• [Exercise aim]: Your answer must be a single number: how many lines in the records below contain the word "chocolate".

Short text fragments from websites
..........

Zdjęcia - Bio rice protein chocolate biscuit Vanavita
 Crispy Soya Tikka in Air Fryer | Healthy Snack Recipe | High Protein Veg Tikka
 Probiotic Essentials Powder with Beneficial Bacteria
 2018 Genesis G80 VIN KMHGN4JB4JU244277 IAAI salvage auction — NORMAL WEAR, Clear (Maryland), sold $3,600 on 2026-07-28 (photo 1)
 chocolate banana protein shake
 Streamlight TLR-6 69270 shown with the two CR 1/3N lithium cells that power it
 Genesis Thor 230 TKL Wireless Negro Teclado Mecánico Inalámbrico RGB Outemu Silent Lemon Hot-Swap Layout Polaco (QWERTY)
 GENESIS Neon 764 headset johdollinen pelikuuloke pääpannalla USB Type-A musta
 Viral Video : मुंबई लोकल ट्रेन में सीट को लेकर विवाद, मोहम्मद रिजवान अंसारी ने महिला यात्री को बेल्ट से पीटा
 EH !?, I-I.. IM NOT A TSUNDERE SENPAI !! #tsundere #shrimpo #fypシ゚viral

..........

• [Response area]: 2